研究の対象となった2012年は上位選手しか映像が残っていないので、参考までに2014年の男子SL1本目の全選手も紹介しておきます。研究内容で言っていることがほぼ当たってるので参考になるかと思います。第1シード、第2シード、30番以降、50番以降で比較するとライン取りなどがよくわかります。ちなみにこのレースで唯一の1970年代選手であり、トリノ五輪日本代表である生田康弘選手は6位に入ってます。


*公式リザルトはこちら
ただ、後半の選手はかなり荒れているので、内足に乗るというよりは「乗ってしまった」と言った方が表現的に正しいのかなと思います。特に急斜面最後のストレートで引っかかる選手が続出しており、体がちょっとでも内側に重心があると簡単に転倒するレースになりました。
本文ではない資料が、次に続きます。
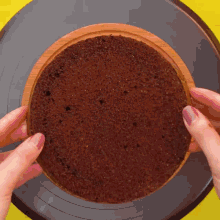 a person is holding a piece of chocolate cake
掘れたSLのレースでは外足に重心を置いた方が転倒リスクは下がる。

アルペンにおいて結局、内足荷重または内側に重心を持っていくと結果として転倒リスクが高まります。
 特に掘れれば惚れるほどアンバランスな状況になるので、常に肩が並行で、外足荷重にしておかないと転倒する確率がグッと上がります。
 レベルこそ違いますが、以前下記の記事で14歳の頃のマルセル・ヒルシャーの滑りを紹介しましたが、ゼッケン148番にも関わらず、きちんと外足荷重で滑っており、肩のラインも並行なことがよくわかる動画です。

荒れたバーンでも上位を狙えるアルペンスキー練習方法。なぜ下手な選手ほど後ろのゼッケンなのか。(動画:14歳のヒルシャーSL映像あり)


特にオーストリアチームは基礎をこれでもかというくらい徹底してやる国なので、中学生レベルでもしっかりとした滑りをしてきます。全日本選手権から見たら、14歳のヒルシャーはさすがに劣りますが、基本的な部分はかなり参考になる動画ではないでしょうか。
 全日本選手権とヒルシャーの滑りを一概には比較できませんが、良いところは取り入れていくべきではないかと思います。